◆ **Problem details**
Your answer must consist of every line from the data below that includes the word "Street".

▬▬▬▬▬▬▬▬▬▬

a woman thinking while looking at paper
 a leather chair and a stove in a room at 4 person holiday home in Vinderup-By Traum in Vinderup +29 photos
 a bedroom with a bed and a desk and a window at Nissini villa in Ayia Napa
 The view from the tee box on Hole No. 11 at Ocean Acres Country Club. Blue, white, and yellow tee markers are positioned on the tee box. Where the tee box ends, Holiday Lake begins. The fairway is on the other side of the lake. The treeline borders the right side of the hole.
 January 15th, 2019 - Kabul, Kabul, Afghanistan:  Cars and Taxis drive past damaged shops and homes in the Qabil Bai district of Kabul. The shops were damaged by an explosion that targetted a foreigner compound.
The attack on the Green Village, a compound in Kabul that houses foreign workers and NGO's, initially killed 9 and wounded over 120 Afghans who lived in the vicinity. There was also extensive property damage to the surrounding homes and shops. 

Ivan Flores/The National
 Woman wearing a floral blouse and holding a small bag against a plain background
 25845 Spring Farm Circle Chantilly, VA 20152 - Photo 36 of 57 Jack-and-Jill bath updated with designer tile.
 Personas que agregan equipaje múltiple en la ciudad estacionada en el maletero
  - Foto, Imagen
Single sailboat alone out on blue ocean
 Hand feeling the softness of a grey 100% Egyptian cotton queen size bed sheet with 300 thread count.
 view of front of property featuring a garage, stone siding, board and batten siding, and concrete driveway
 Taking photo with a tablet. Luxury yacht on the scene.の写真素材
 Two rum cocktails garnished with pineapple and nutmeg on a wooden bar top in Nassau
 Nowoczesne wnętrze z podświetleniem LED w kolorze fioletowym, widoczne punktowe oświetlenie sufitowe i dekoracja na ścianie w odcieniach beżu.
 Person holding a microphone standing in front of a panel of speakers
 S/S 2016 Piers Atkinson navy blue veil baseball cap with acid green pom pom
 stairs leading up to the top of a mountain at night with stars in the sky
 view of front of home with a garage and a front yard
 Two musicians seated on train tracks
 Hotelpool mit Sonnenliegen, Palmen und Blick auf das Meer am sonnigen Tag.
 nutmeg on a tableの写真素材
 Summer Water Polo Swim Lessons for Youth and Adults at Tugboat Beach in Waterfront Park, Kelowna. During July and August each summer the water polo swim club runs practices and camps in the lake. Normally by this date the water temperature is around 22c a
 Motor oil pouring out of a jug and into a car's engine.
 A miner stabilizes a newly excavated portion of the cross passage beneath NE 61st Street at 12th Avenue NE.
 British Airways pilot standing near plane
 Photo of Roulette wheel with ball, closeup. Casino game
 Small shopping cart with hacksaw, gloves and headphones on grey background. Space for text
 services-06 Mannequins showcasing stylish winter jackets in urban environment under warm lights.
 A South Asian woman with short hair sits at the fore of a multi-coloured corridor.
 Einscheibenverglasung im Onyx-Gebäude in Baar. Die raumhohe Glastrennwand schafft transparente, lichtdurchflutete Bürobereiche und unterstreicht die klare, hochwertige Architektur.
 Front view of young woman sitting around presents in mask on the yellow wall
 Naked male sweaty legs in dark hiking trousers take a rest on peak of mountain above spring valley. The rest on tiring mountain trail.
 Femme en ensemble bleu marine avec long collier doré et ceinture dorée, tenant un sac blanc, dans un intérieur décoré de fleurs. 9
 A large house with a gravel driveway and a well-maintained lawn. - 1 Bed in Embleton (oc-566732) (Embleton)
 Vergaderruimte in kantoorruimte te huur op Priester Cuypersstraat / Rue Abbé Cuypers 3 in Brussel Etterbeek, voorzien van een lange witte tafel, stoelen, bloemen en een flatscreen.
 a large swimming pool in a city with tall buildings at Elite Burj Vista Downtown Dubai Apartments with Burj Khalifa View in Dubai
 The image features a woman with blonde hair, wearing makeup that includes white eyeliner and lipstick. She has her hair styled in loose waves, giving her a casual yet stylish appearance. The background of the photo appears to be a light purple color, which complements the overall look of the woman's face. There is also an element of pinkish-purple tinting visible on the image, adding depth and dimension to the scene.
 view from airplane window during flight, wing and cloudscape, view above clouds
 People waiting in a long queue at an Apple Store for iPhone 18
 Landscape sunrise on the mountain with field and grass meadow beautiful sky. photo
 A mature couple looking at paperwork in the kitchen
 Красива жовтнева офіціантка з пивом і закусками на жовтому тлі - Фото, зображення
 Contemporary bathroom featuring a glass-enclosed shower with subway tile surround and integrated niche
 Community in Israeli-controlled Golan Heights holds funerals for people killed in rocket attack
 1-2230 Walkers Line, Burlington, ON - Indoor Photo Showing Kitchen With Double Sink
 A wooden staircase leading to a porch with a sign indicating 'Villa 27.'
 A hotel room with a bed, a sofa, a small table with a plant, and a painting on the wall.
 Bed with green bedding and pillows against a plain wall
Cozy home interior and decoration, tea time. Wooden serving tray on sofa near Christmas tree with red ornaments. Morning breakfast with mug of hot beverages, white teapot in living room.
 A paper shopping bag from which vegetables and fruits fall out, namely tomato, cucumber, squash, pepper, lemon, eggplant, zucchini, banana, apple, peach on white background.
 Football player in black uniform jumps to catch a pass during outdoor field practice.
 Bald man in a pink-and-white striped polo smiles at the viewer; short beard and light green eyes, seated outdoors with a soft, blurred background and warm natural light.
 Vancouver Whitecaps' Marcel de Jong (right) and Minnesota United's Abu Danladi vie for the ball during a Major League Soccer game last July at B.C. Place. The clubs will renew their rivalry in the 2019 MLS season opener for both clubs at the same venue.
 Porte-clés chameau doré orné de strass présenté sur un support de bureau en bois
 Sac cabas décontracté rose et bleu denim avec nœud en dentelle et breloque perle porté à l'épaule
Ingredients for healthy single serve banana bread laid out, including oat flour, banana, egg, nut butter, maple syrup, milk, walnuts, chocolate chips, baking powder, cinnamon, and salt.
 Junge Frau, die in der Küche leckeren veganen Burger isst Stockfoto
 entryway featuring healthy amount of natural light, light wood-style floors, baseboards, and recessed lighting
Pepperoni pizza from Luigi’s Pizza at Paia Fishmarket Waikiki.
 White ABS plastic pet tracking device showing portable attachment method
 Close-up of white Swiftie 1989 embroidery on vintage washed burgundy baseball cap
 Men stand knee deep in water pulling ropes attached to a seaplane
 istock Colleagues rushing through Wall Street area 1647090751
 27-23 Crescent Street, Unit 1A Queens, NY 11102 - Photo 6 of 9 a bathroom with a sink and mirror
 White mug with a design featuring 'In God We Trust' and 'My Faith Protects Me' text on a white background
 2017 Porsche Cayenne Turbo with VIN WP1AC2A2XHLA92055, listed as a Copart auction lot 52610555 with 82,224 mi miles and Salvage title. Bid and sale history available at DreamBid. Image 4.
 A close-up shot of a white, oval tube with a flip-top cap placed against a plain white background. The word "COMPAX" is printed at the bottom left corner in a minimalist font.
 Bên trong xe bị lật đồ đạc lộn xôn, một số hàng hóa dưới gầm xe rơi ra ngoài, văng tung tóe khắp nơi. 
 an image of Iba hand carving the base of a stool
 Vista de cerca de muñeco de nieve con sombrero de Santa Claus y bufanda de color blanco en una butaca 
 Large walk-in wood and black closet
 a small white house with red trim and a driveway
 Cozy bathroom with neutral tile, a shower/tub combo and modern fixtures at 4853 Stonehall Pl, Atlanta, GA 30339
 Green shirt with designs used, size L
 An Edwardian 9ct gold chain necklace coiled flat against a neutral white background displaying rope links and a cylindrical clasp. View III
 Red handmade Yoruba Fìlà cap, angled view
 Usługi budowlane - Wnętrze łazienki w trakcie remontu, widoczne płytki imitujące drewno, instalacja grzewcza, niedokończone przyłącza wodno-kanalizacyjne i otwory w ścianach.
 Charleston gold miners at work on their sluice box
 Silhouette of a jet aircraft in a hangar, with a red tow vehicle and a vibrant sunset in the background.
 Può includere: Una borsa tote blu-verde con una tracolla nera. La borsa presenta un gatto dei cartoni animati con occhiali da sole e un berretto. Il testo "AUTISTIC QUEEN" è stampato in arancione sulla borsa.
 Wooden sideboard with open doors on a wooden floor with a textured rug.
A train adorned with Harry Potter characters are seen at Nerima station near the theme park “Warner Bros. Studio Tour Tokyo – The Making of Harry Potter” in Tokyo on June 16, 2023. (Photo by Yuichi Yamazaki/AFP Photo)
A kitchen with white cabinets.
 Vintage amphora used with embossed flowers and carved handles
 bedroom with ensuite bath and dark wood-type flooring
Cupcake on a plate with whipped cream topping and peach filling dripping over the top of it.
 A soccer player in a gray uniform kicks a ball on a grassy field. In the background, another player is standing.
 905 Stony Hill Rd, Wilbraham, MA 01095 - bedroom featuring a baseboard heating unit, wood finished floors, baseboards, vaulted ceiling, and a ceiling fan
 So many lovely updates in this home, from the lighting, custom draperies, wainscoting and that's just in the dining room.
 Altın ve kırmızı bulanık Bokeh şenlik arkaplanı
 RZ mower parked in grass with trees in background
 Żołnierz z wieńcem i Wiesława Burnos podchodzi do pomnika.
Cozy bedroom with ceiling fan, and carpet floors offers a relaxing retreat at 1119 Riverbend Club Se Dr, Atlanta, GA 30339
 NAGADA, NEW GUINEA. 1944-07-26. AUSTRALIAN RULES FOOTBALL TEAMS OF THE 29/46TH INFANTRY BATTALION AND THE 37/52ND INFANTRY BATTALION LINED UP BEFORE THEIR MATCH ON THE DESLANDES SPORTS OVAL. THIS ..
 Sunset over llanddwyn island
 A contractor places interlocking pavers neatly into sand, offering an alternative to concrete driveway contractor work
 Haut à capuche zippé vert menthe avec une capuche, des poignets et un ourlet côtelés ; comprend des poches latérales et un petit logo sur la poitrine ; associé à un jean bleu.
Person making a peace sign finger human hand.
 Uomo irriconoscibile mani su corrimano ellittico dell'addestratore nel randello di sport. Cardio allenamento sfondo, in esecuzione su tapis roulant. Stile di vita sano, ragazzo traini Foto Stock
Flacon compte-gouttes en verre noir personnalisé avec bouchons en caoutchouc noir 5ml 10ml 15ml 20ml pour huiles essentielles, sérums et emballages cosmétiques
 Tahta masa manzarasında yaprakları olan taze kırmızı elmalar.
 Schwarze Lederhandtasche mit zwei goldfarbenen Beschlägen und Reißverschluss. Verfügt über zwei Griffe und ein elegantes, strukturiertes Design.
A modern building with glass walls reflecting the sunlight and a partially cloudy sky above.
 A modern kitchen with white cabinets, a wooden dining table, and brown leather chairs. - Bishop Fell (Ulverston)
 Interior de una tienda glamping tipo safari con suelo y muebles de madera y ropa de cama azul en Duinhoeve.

▬▬▬▬▬▬▬▬▬▬

◆ **Response area**
 A miner stabilizes a newly excavated portion of the cross passage beneath NE 61st Street at 12th Avenue NE.
 istock Colleagues rushing through Wall Street area 1647090751
 27-23 Crescent Street, Unit 1A Queens, NY 11102 - Photo 6 of 9 a bathroom with a sink and mirror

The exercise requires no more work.